Boris Pahor, muore nella sua casa di Trieste a 108 anni, conosciuto come intellettuale scomodo per il suo punto di vista prendendo posizione a difesa delle identità nazionali e culturali. Lo scrittore sloveno con cittadinanza italiana, fu testimone dei crimini fascisti e voce della minoranza linguistica perseguitata durante la seconda guerra mondiale. Nel 1944 vive il periodo più tragico della sua vita, tramite la reclusione in diversi lager in Germania e Francia.
La vita di Pahor è legata prettamente ad eventi storici della sua terra di origine, all’epoca della dominazione dall’impero asburgico al fascismo e all’esperienza della comunità slovena fra la prima e la seconda guerra mondiale, e nel secondo dopoguerra che ha messo come punto di riferimento nei suoi libri. Le sue opere sono state tradotte in francese, ungherese, tedesco, inglese, serbo-croato, italiano, spagnolo, finlandese e catalano.
Pahor ha scritto circa trenta libri e fra i tanti quello che vogliamo ricordare è: Necropoli. Un libro autobiografico, nel quale l’autore racconta la sua esperienza, la sua fedele testimonianza, del mondo crematorio al fine di non far perdere la memoria e l storia non rimanga solo un periodo passato. In questa opera Pahor, affronta il tema della colpa sentita come tale dal sopravvissuto, che in questo caso rivive l’emozione di quei luoghi durante la visita al Lager di Natzweiler-Struthof. Necropoli è un ritratto a tutto tondo e nel contempo un riassunto di quello che può essere la vita nei Lager. Di questo libro, Le Monde scrive «Un libro sconvolgente, la visita a un campo della morte e il riaffiorare di immagini intollerabili descritte con una precisione allucinata e una eccezionale finezza di analisi» mentre lo scrittore, Claudio Magris, afferma «Necropoli è un ritratto a pieno campo e allo stesso tempo stringato, mai patetico, della vita nel Lager. Un possente afflato umano coesiste con una nitida e fredda precisione, in una perfetta struttura narrativa che interseca il racconto del passato, della prigionia, rivissuta nel perenne presente dell’orrore e il resoconto del presente. Necropoli è un’opera magistrale, anche per la sua limpida sapienza strutturale, per l’intrecciarsi di tempi, verbali ed esistenziali, che intessono il racconto».

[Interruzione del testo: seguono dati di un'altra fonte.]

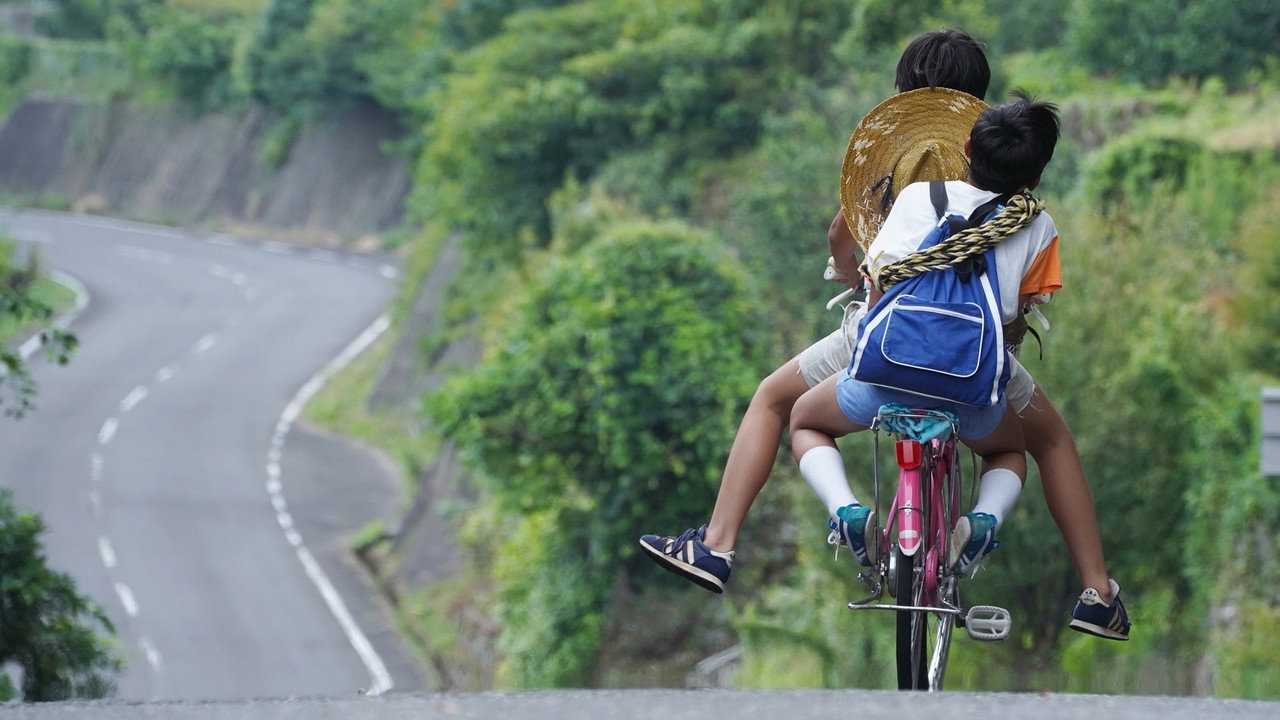 Sabakan backdrop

Per la drammaticità della sua opera è stato paragonato ad autori come Primo Levi, Robert Antelme e Imre Kertész e fu più volte al premio Nobel e ricevette i titoli di Cavaliere di Gran Croce dell’Ordine al merito della Repubblica Italiana e quello sloveno dell’Ordine per meriti eccezionali.

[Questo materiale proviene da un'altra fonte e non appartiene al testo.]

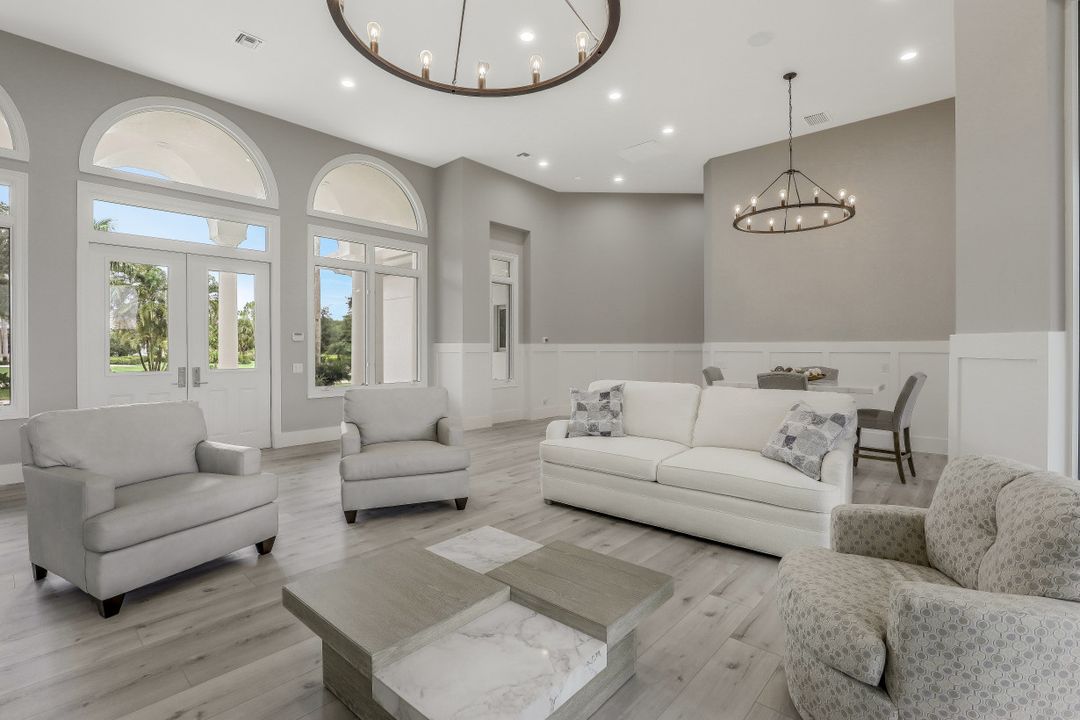 11430 Golden Eagle Ct, Naples, FL 34120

Il Ministro della Cultura, Dario Franceschini, appresa la notizia ha commentato «Con Boris Pahor perdiamo un grande scrittore, un gigante del Novecento che ha saputo raccontare, con maestria, lucidità e senza sconti, l’orrore dei lager e della deportazione e condannare ogni forma di totalitarismo. Mi stringo al dolore dei familiari e dei tanti amici che oggi perdono un punto di riferimento».